Insulin Formulations Characterization by Light Scattering

For studies on insulins under formulation conditions we have used the marketed U100 formulations Humalog® (Lilly, Indianapolis, USA), NovoRapid® (Novo Nordisk, Bagsveard, Denmark), as well as Apidra® and Insuman Rapid® (Sanofi-Aventis, Frankfurt, Germany). The compositions of the formulations are shown in Supplemental Table I. Lyophilized samples of the insulins (lispro, aspart, glulisine, and HI) and solvents to the corresponding formulations (placebos) were provided by Sanofi-Aventis (Frankfurt, Germany). PBS (10 mM buffer) was prepared from tablets (Calbiochem, Germany). Glycerol (85%), phenol and m-cresol were provided from Roth (Germany). ZnCl₂ was supplied from Merck (Germany). All chemicals were of analytical grade. Solvents were prepared using Milli-Q water (Merck Millipore, Germany) and were filtered and degassed after preparation using 0.45 μm Millicup filter units (Merck Millipore, Germany). In special cases, dialysis against the corresponding solvent using dialysis tubing (MW cut-off 3500, Spectra/Por©, Spectrum Laboratories, USA) was done ensuring the specified solvent conditions. Dialysis was always done, if stock solutions with high insulin concentrations were used. For measurements in Zn²⁺-free PBS, EDTA was added to the stock solutions after dissolving the drug substance, in order to remove Zn²⁺ completely. Afterwards, the samples were dialysed against PBS.
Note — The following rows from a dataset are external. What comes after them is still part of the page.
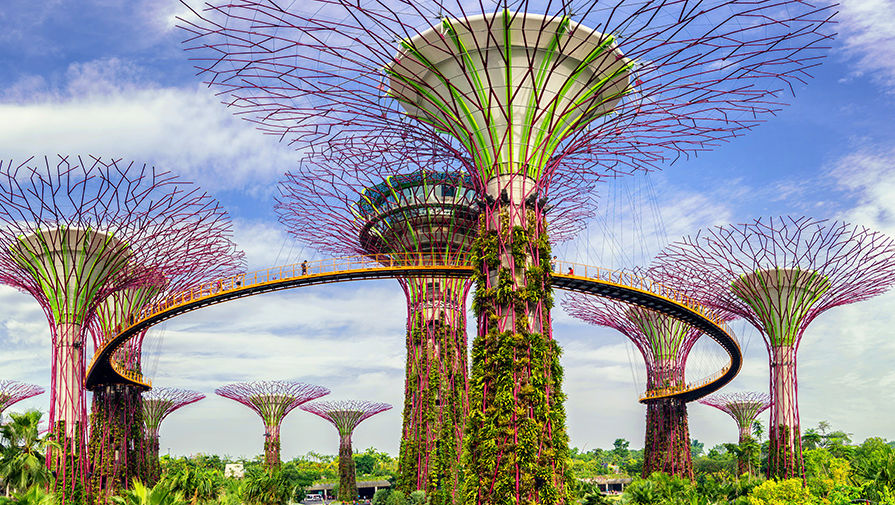 Парк «Сады у залива» в Сингапуре 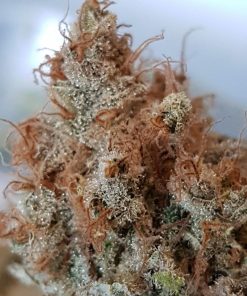 Toxic Feminized Esrar Tohumu (Ripper Seeds)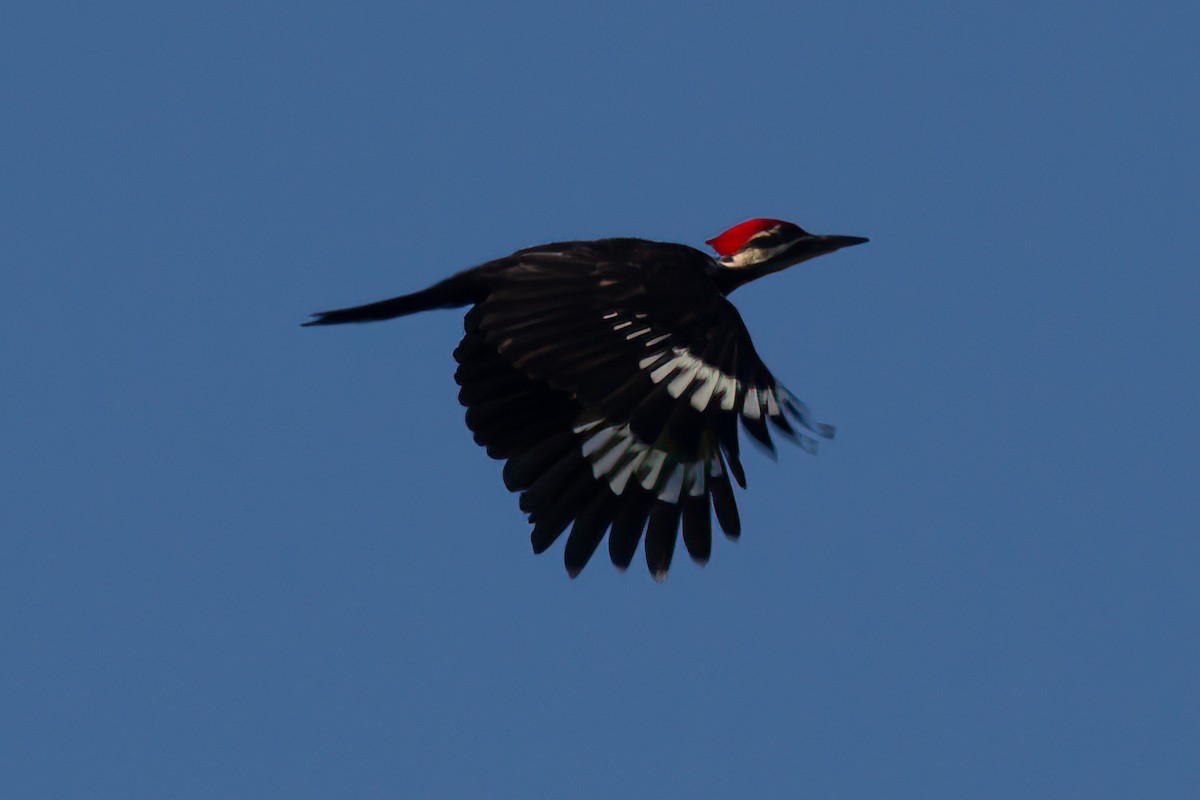 Pileated Woodpecker - ML250105891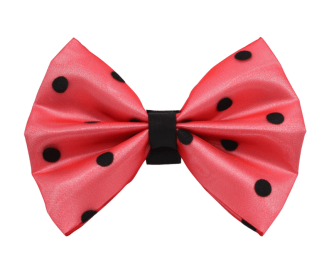 PR1001|Pets Ribbons (Color: 10, size: 5")
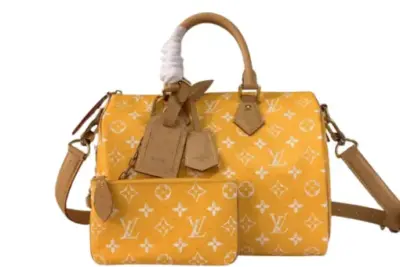 LV Bag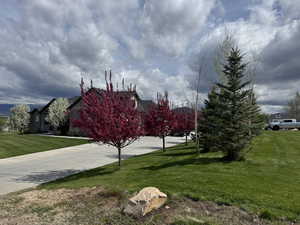 View of home's community featuring a yard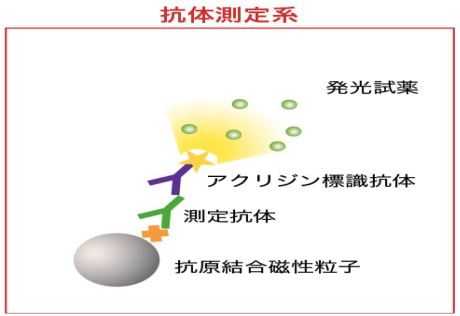 第二回東京の500例測定は陽性者4名、前回と合わせ千例で0.7%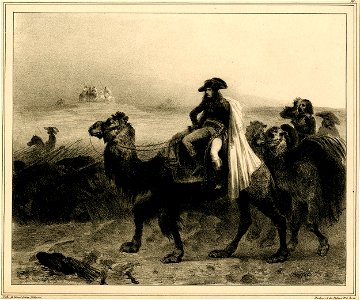 Bonaparte, général en chef de l'armée d'Egypte (campagne de Syrie) (BM 1863,0725.430)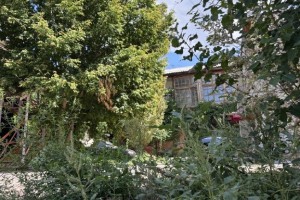 Аллергия в&#160;августе: астраханцы задыхаются от пыльцы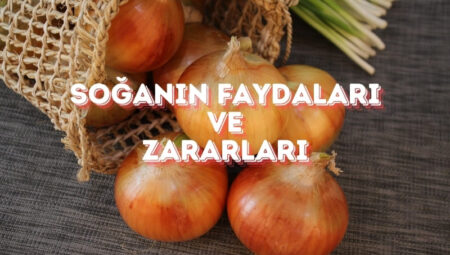 Soğanın Faydaları ve Zararları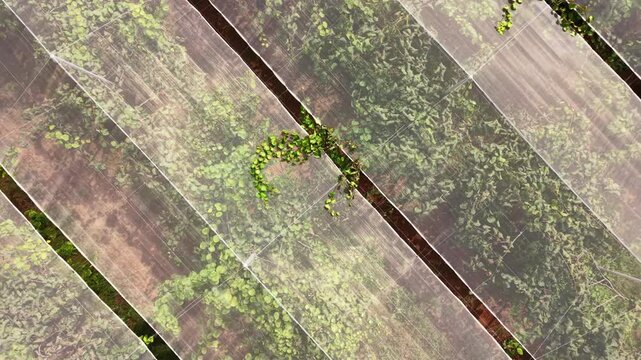 Top-down view of a kiwi fruit plantation with diagonal rows of green vines protected by transparent netting, showing organized agricultural farming patterns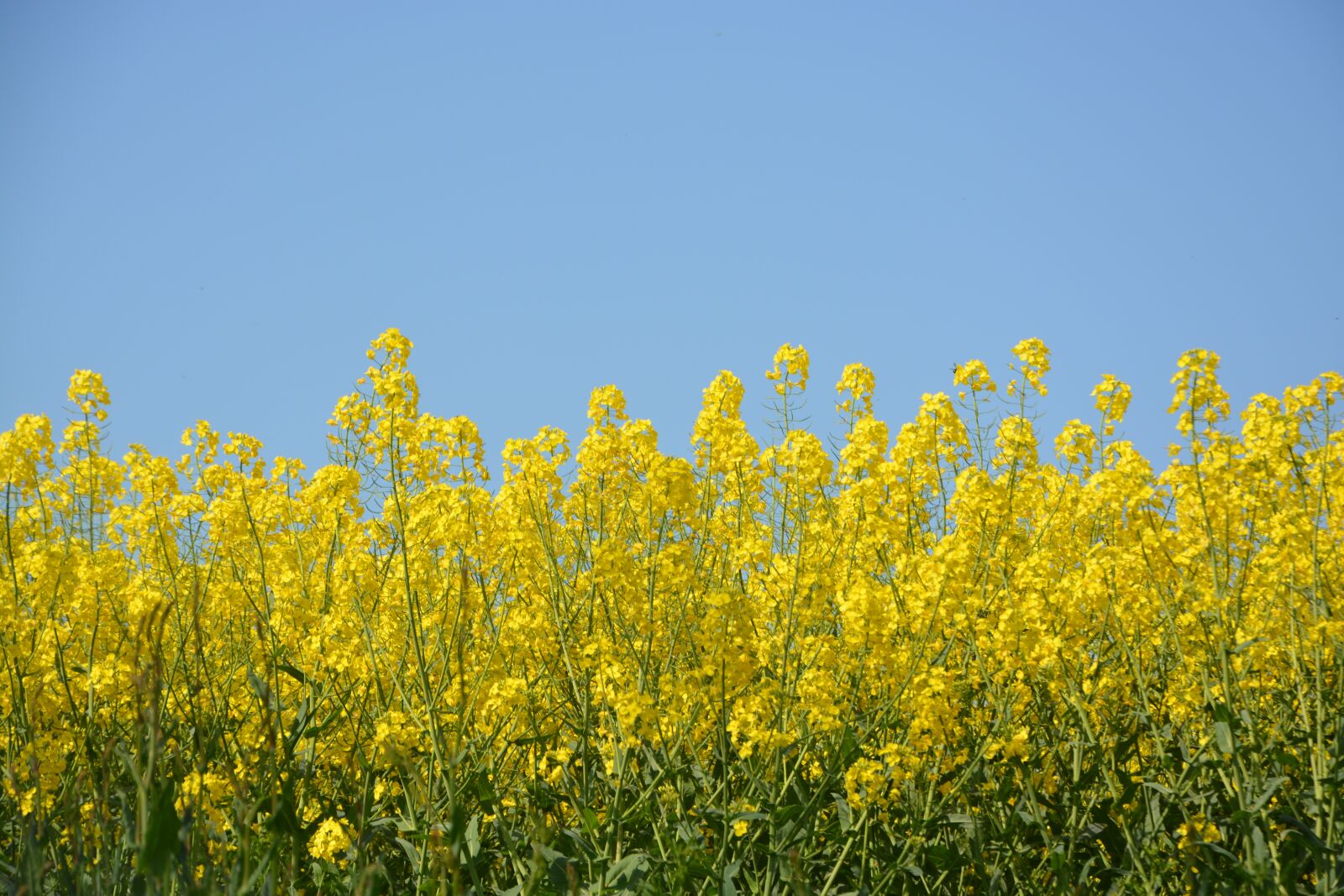 Nikon D5200 sample photo. Rapeseed, harvest, culture rape photography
Samples for light scattering were filtered either through 0.1 μm Whatman-Anotop filters (VWR, Germany) directly into 3-mm-pathlength micro-fluorescence cells (105.251-QS, Hellma, Germany) immediately prior to use or were subjected to ultracentrifugation. Usually, about 500 μl were centrifuged at 75000 g for 30 min. An amount of 80–150 μl of the supernatant was quickly transferred into the sample cell. Peptide concentrations were determined photometrically using a specific absorption A(276 nm, 1 cm pathlength, 1 mg/ml) of 1.08.